Filtering output so monit does not spam my email with false positives

  • 7.0.5_1
  • OpnSense
  • Believe it’s part of default OpnSense install.

I recently configured monit to notify me of when Suricata has blocked something with content = "blocked" Currently, I’m probably getting 10 to 20 messages per day with almost all of them definitely false positives. I’ll share all of the different alerts I’m receiving on this thread. In the mean, time is there anything I should do to reduce the false positives?

I keep getting spammed by ET SCAN Sipvicious Scan. I believe that’s a security company checking for vulnerable ports. I do not use VOIP. Can I just block the ports VOIP uses, and the alert will be silenced?

If you are running the Suricata instance on the WAN interface, then you can only silence unwanted alerts by suppressing them or by disablilng the particular rule SID that is alerting. When operating on the WAN, Suricata sees traffic directly from the NIC before any firewall rules have been applied. Thus you can’t use firewall rules to control what Suricata sees in that case.
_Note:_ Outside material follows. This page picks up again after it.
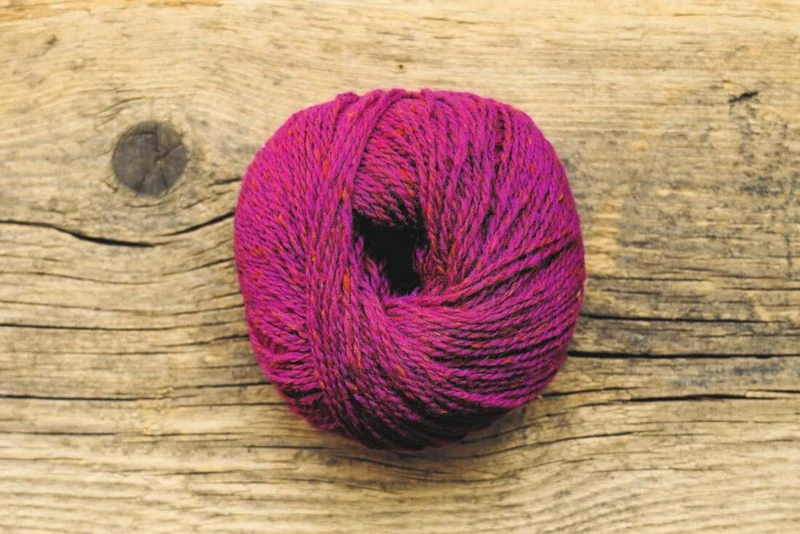 Landlust - Soft-Tweed 90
Generally speaking, on firewall systems such as OPNsense and pfSense, it is better to put IDS/IPS instances on the LAN and/or other internal-facing interfaces. That way you can use the firewall rules to filter out and drop the vast majority of Internet “noise” that hits the WAN interface leaving the IDS/IPS only needing to spend resources processing traffic which made it past the firewall rules. Otherwise the IDS/IPS is expending precious computational resources to analyze traffic that is simply going to be dropped by the typical “default deny” configuration of the WAN firewall rules for inbound traffic.
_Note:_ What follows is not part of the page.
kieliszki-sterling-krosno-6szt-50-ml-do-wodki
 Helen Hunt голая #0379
I will also note that Suricata questions related to both OPSsense and pfSense should first be posted on the specific help forums for those firewall distros. That’s because both distros use a custom GUI front-end for managing the Suricata configuration. Here are links to each forum:

OPNsense: https://forum.opnsense.org/
pfSense: https://forum.netgate.com/category/53/ids-ips

I’ll ask more on OPNsense. Is this still the right place to ask if an alert is something important or not?

How I have my IDS/IPS setup is I have Zen Armor on the LAN side, and Surricata on the WAN side. That’s the recommendation I keep seeing from users using OPNsense. I believe doing that would stop packages that get past Surricata from calling home.
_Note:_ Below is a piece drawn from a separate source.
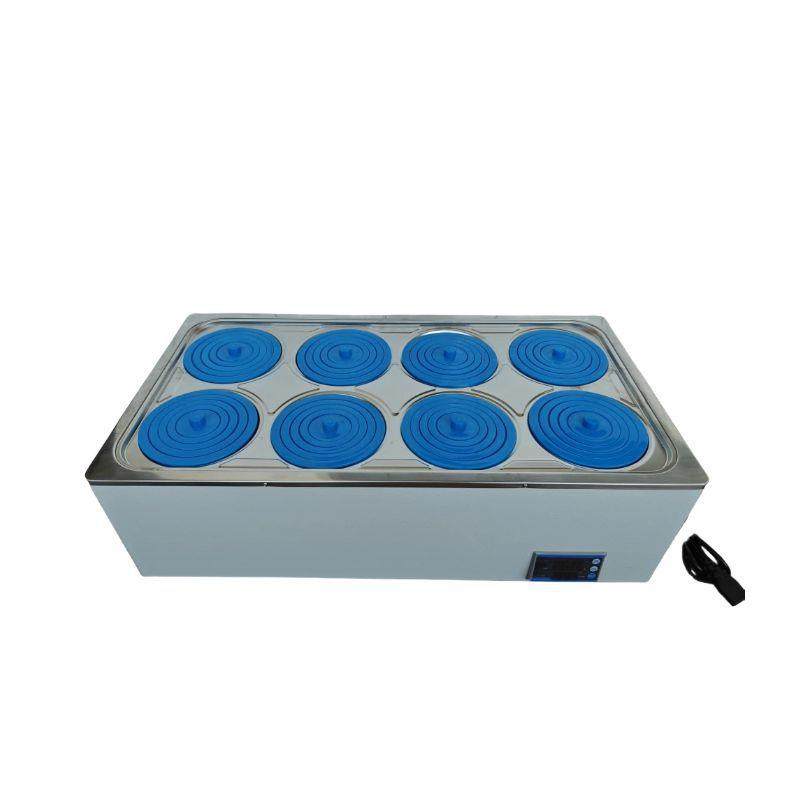 一次成型恒温水浴锅数显电加热水浴箱智能自动水浴箱,淘宝优惠券,粉丝福利购,淘宝优惠卷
If there’s no other way to filter out notifications coming from security researchers, I suppose I could customize my Monit alert to ignore them. I’ll probably be on here asking you if IP addresses are known false positives.

You can certainly ask for users’ opinions on particular alerts on this forum. Just remember that it is best to keep the questions more general because many users of Suricata actually use the binary package available on Linux distros. They will not be familiar with the GUI controls offered in the OPNsense and pfSense versions, so questions pertaining to GUI settings are not likely to generate any replies here.

One of the downsides of running Suricata on the WAN side of the two *sense distros (OPNsense and pfSense) is that the Suricata instance is outside of the firewall and thus firewall rules can’t help filter what Suricata is seeing (to prevent it from having to process the “noise” that firewall rules are likely to drop anyway). Another downside of putting it on the WAN is that all the local IP addresses are hidden by NAT (when NAT is used). Thus you can’t readily discern which particular local host is the target or source of something alerting in Suricata because all local traffic presents as the WAN’s public-facing IP address in the alerts.

I created and maintain the GUI package for Suricata on pfSense. I am not an OPNsense user, but I am familiar with how it works in that distro and I do visit their forums regularly as a guest.

In the pfSense package there is a GUI mechanism for quickly adding IP addresses and/or SIDs to the Suppression List so that rules that match the suppress condition do not alert. Not sure if the OPNsense package offers something similar, but I would expect it does.